5:30 am on Mar 26, 2010 (gmt 0)

10+ Year Member



Hi,
I have these same issues. I'm using the free ceon uri mapping addon with zen carts latest version and have added the code below to my htaccess file. Would this conflict with the code in post #:4091770 and #:4103788 if I use them all together?


# Don't rewrite any URIs ending with a file extension (ending with .[#*$!x])
RewriteCond %{REQUEST_URI} !\.[a-zA-Z]{2,4}$
# Don't rewrite admin directory
RewriteCond %{REQUEST_URI} !^/admin name.* [NC]
# Don't rewrite editors directory
RewriteCond %{REQUEST_URI} !^/editors.* [NC]
# Don't rewrite cPanel directories
RewriteCond %{REQUEST_URI} !/cpanel.* [NC]
RewriteCond %{REQUEST_URI} !/frontend.* [NC]
# Handle all other URIs using Zen Cart (index.php)
RewriteRule (.*) index.php?%{QUERY_STRING} [L]

Just started using the addon about a week ago. Makes categorie and product page names look nice, but I still have tons of duplicates indexed.

G1smd thanks for starting this topic and posting your work. Also thanks for having me here.

g1smd

8:32 am on Mar 26, 2010 (gmt 0)

WebmasterWorld Senior Member 10+ Year Member Top Contributors Of The Month



The code in #:4091770 should work for any ZenCart site, but do make sure the redirects are listed before any rewrites. Also make sure that if you have any Redirects using Redirect or RedirectMatch that you convert them to use RewriteRule instead.

The code in #:4103788 would need to be modified to produce "friendly" URLs. The best way would be for it rewrite to a script that looked up the category data from the database and then sent the HEADER out. That's because there is no way for .htaccess to 'know' the category and product names.

Another solution for the latter problem would be to edit the ZenCart scripts and directly fix the problems there. ZenCart doesn't sanity check the URLs it creates before adding them to the HREF on the page. There's scope for a 'canonicalisation' module to be added there.

jdMorgan

12:33 pm on Mar 26, 2010 (gmt 0)

WebmasterWorld Senior Member 10+ Year Member



BobbyStar,

That code could do with some improvements -- There are several inefficiencies in it:

# Don't rewrite requests for any URIs ending with a file extension (ending with .xyz)
RewriteCond $1 !\.[a-z]{2,4}$ [NC]
# Don't rewrite requests for admin,, editors, cpanel, or frontend directories
RewriteCond $1 !^(admin\ name|editors|cpanel|frontend) [NC]
# Handle all other URIs using Zen Cart (index.php)
RewriteRule ^(.*)$ index.php [L]

Now much shorter and faster, but no changes *at all* to function...

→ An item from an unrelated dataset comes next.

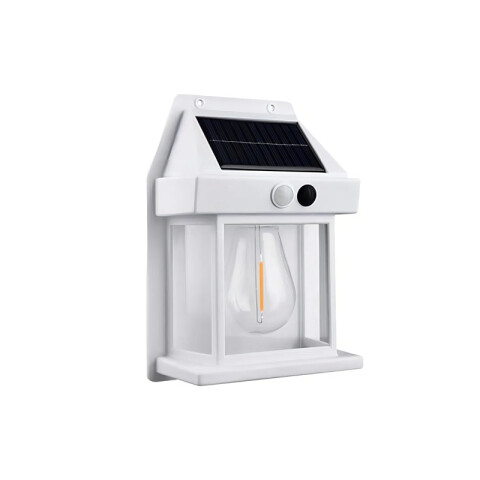 Lámpara farol solar p/exterior blanco cálido IP65 IX4926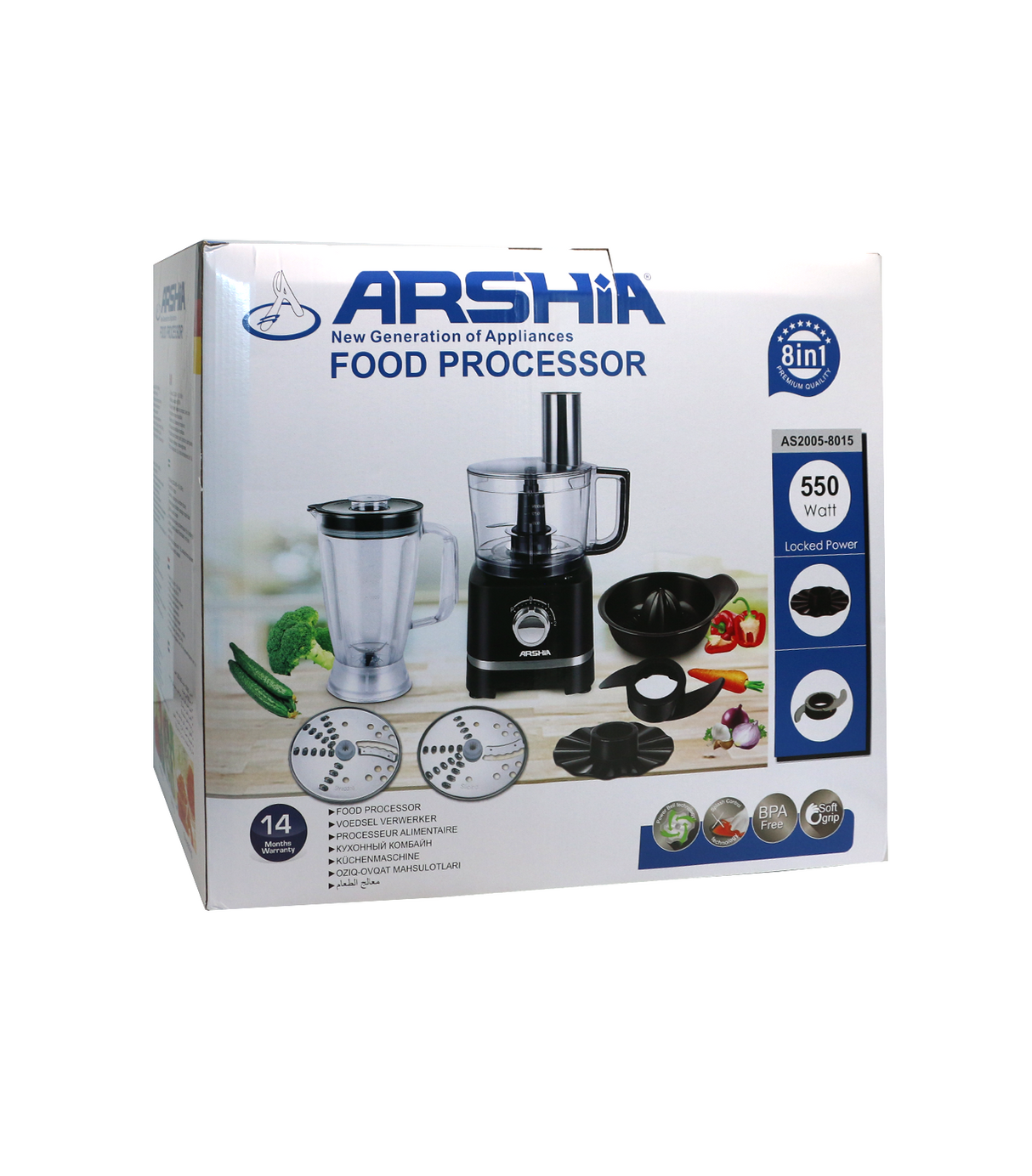 arshia food processor 550w china as2005-8015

To avoid duplicate-content problems, I would recommend removing the [NC] from the directories exclusion and adding rules to redirect any mis-cased requests for those directories to the correctly-cased URL. However, since it's not likely that you'll want those directories to rank in search, in this specific case it is not a critical issue.

Jim

BobbyStar

3:33 am on Apr 1, 2010 (gmt 0)

10+ Year Member



g1smd,
I must be overlooking something. I can not find the file (htaccess_for_page_not_found_redirects.htaccess) that you spoke of in your first post. The directories I have in version 138a are extra_configures, extra_datafiles and extra_cart_actions. None have that file in them. Are you working on the same version? Thanks.

BobbyStar

4:04 am on Apr 1, 2010 (gmt 0)

10+ Year Member



jdMorgan,

Before I attempt to wright any rules to redirect requests... I need to do a lot of reading. The faster code worked fine. Thanks.